Propping up the market with cash cannot be sustained and would not provide a lasting turnaround as long as the property sector remains weak and a weight on consumer and investor confidence, analysts and investors said, adding that the task is also massive: Chinese stocks are worth about US$9 trillion.
The main index in the smaller market in Shenzhen sank 4.4 percent, but then rapidly recovered, bouncing between losses and gains and closing 1.1 percent lower. The Shanghai Composite Index slipped 3.5 percent at one point and closed 1 percent lower, at 2,702.19 points.
Hong Kong’s Hang Seng Index slipped 0.15 percent, or 23.55 points, to 15,510.01 points.
Wilder swings were also seen on the CSI 1000 which fell as much as 8.7 percent yesterday before regaining some of the losses to close down 6.1 percent.

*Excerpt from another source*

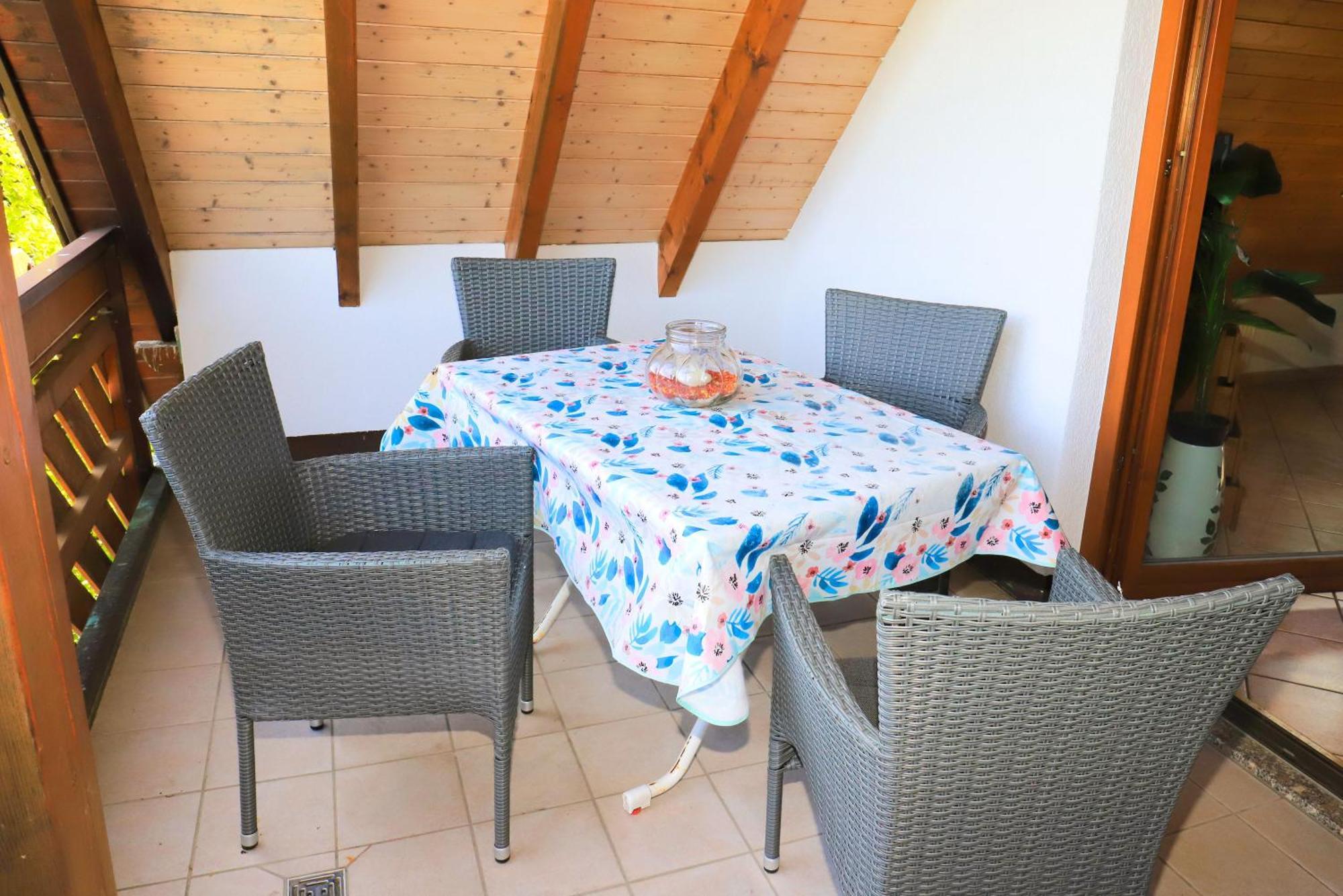 Gaestehaus Willaringen Rickenbach  エクステリア 写真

The CSI 1000 is often used to track so-called “snowball derivatives,” which offer big gains, but also could result in exaggerated losses.
Chinese companies have lost billions of US dollars of market value as investors shifted away from the markets in Hong Kong and China in search of better returns.
The China Securities Regulatory Commission on Sunday said it would redouble enforcement of measures against crimes such as market manipulation and malicious short selling, while guiding more medium and long-term funds into the market.
That move followed other support measures such as restrictions on short-selling or reductions in trading duties in the past few days that appear to have done little to reassure investors who have been pulling money out of the markets for months.
Comments by former US president Donald Trump that he might impose a tariff of more than 60 percent on imports of Chinese goods if he is re-elected also hurt market sentiment.